Record excerpts →
○ ○ ○

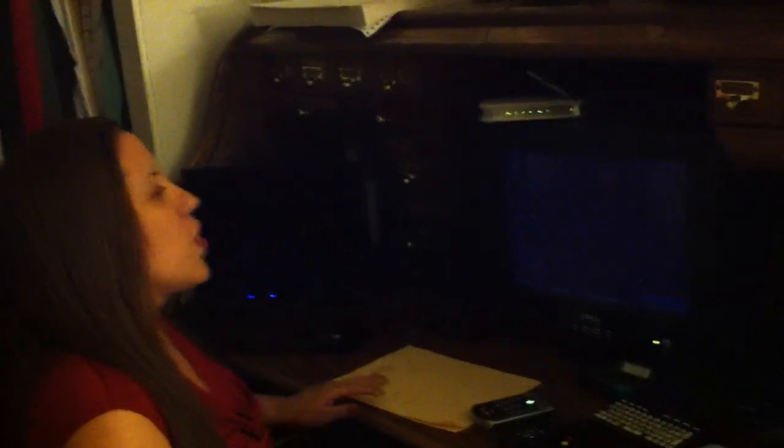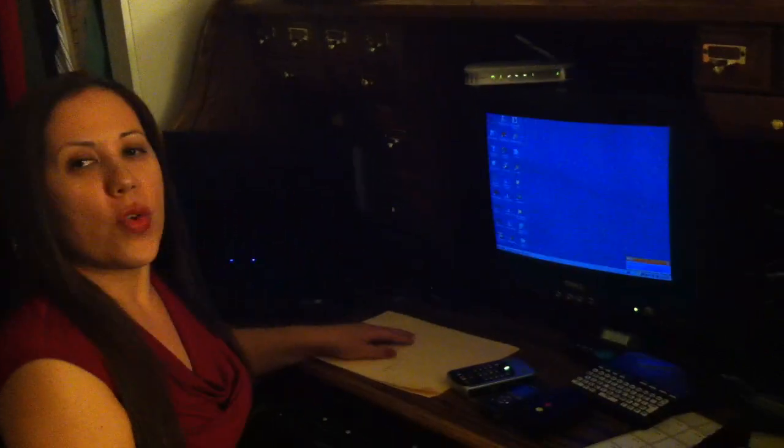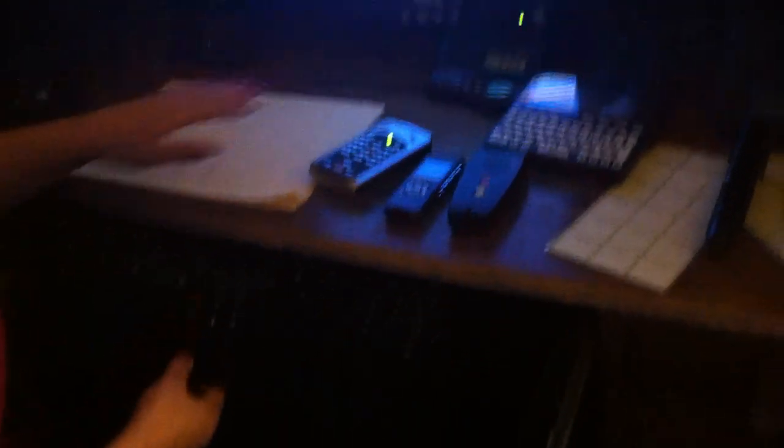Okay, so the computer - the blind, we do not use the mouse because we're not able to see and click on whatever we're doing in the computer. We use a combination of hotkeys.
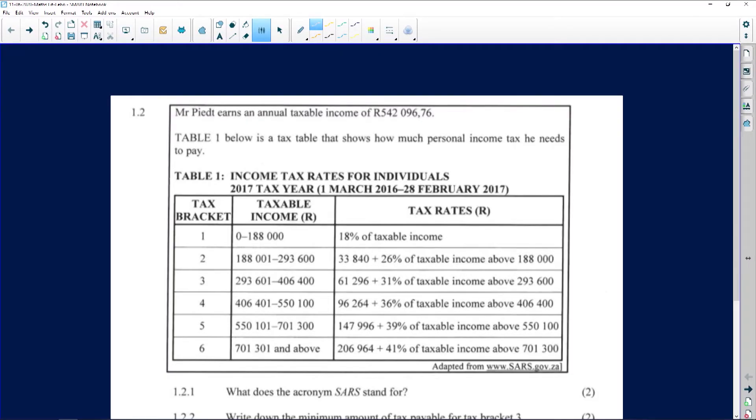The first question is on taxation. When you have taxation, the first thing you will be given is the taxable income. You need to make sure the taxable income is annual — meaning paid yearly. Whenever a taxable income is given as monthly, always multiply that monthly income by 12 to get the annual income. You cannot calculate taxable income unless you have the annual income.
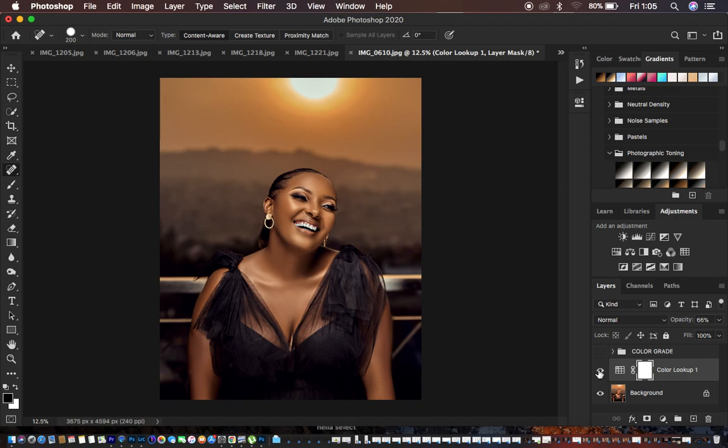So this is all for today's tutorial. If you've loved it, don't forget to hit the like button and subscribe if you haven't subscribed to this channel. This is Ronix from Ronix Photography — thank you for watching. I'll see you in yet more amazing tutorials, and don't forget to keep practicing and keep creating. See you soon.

○ ○ ○

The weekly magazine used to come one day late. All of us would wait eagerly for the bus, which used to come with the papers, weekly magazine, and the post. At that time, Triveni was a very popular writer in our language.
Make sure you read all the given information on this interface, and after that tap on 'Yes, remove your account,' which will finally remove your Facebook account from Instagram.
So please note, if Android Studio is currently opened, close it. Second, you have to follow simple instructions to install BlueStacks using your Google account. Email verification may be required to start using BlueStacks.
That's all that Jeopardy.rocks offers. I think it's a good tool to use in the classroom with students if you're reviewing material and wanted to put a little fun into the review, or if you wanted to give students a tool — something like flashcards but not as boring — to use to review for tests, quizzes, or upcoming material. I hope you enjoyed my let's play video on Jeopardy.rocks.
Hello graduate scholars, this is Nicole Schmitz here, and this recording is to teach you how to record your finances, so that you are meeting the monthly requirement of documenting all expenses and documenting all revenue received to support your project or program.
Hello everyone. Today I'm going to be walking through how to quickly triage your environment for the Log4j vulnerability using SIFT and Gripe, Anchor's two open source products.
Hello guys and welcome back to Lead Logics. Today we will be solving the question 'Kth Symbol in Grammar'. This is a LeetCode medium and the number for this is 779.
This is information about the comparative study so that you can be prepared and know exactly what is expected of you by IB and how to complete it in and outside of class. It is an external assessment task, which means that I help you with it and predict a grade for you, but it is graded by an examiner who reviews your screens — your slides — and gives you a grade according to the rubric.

○ ○ ○

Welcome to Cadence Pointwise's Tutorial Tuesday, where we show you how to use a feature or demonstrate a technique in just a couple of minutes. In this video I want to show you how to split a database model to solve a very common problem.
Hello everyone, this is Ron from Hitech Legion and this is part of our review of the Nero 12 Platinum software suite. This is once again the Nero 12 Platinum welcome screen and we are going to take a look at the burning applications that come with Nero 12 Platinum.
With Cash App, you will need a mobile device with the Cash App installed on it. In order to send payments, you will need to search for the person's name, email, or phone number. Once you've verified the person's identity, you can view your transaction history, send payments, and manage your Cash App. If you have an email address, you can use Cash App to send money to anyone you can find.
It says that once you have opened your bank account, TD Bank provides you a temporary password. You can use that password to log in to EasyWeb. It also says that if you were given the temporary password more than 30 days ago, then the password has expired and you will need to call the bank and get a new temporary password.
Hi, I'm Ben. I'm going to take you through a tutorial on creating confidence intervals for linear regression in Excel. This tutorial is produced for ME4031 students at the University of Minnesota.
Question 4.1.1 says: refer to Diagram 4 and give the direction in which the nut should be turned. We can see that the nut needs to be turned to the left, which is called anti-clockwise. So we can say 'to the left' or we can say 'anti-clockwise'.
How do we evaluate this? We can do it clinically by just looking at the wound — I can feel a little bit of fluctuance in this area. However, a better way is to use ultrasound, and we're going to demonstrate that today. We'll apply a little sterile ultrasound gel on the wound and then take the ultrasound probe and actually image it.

○ ○ ○

Assigned task → Give back, exactly as written, the stretch from the line with "The weekly magazine" through the line with "Hello graduate scholars, this", and no other lines from the records above.

Task result →
The weekly magazine used to come one day late. All of us would wait eagerly for the bus, which used to come with the papers, weekly magazine, and the post. At that time, Triveni was a very popular writer in our language.
Make sure you read all the given information on this interface, and after that tap on 'Yes, remove your account,' which will finally remove your Facebook account from Instagram.
So please note, if Android Studio is currently opened, close it. Second, you have to follow simple instructions to install BlueStacks using your Google account. Email verification may be required to start using BlueStacks.
That's all that Jeopardy.rocks offers. I think it's a good tool to use in the classroom with students if you're reviewing material and wanted to put a little fun into the review, or if you wanted to give students a tool — something like flashcards but not as boring — to use to review for tests, quizzes, or upcoming material. I hope you enjoyed my let's play video on Jeopardy.rocks.
Hello graduate scholars, this is Nicole Schmitz here, and this recording is to teach you how to record your finances, so that you are meeting the monthly requirement of documenting all expenses and documenting all revenue received to support your project or program.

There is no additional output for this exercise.